The single biggest challenge shadow IT creates for the data storage protection process is that data can be created, modified and shared without ever touching a file server under the supervision of IT. The most common example of this is file sync and share where data can be created locally on a laptop or tablet, stored in a user's FSS account and subsequently shared to whomever the user deems appropriate. IT administrators can't back it up because they don't even know the data exists.
Many online customer relationship management (CRM) or project/task management services also support file sharing. And once again, this data can be created, modified and shared without ever touching storage within the organization's infrastructure.
In both cases, this data needs to be identified and protected for two reasons:
- IT needs the ability to recover data in the case of accidental deletion.
- IT needs to access data if an employee leaves the company or is terminated.
When users select these services without the knowledge of IT, the user owns the relationship with the service provider. If they are terminated and the organization can't get to the data, it is essentially lost.
CRM and project/task management tools also store specific information about an account or project in their databases. FSS products obviously store the data they are syncing or sharing. These online providers perform their own backups, but in most cases, users of these services cannot access these backups. If they can, access comes at an additional cost. In other words, the backups are for the convenience (and protection) of the service provider, not the subscriber. It is becoming increasingly important for IT to maintain its own copy of these data sets without becoming totally reliant on the provider of the service.
Solving the shadow IT data protection problem
There are a number of ways to eradicate the holes in the data protection process that shadow IT creates:
- Give users the tools they need so they do not have to search outside of the organization for endpoint protection and FSS. There are several enterprise-class FSS products that offer users an experience similar to many of the consumer cloud offerings, and still provide IT control over what is shared, with whom and for how long. Some products even allow FSS to occur without any data being placed in a public cloud provider. Essentially, the FSS file store is as easy to protect as any other network mount point.
Several endpoint protection products that protect laptops, tablets and smartphones can also compete head-to-head with cloud offerings. Many of these allow users to access their backup data from a smartphone or tablet for editing or previewing on that device. Many of these products also offer file sharing for collaboration with other employees.
These products are available from suppliers whose sole focus is endpoint data protection, as well as more traditional vendors who provide it as an add-on. Some endpoint-only products offer more advanced features like tablet/smartphone restore, but they don't have the integration with the traditional data protection application.
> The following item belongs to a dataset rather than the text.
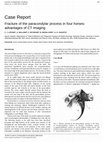 Research paper thumbnail of Fracture of the paracondylar process in four horses: advantages of CT imaging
The choice has to be made between cutting-edge features or integration with existing processes.
- Perform in-house backup of cloud-based application data to protect against accidental data loss or intentional data deletion. There are several cloud-to-cloud or cloud-to-data center backup products available. These applications interface directly with the service provider and backup data from these applications to in-house storage or to a secondary cloud provider.
Shadow IT services can come back to haunt administrators if users expect them to find and recover data they never knew existed. Data is the property of the organization and should remain with the organization when an employee leaves or is terminated. Protecting this data is critical, but that task requires IT to offer employee access to the services/applications they want, while maintaining control over the data created using these products.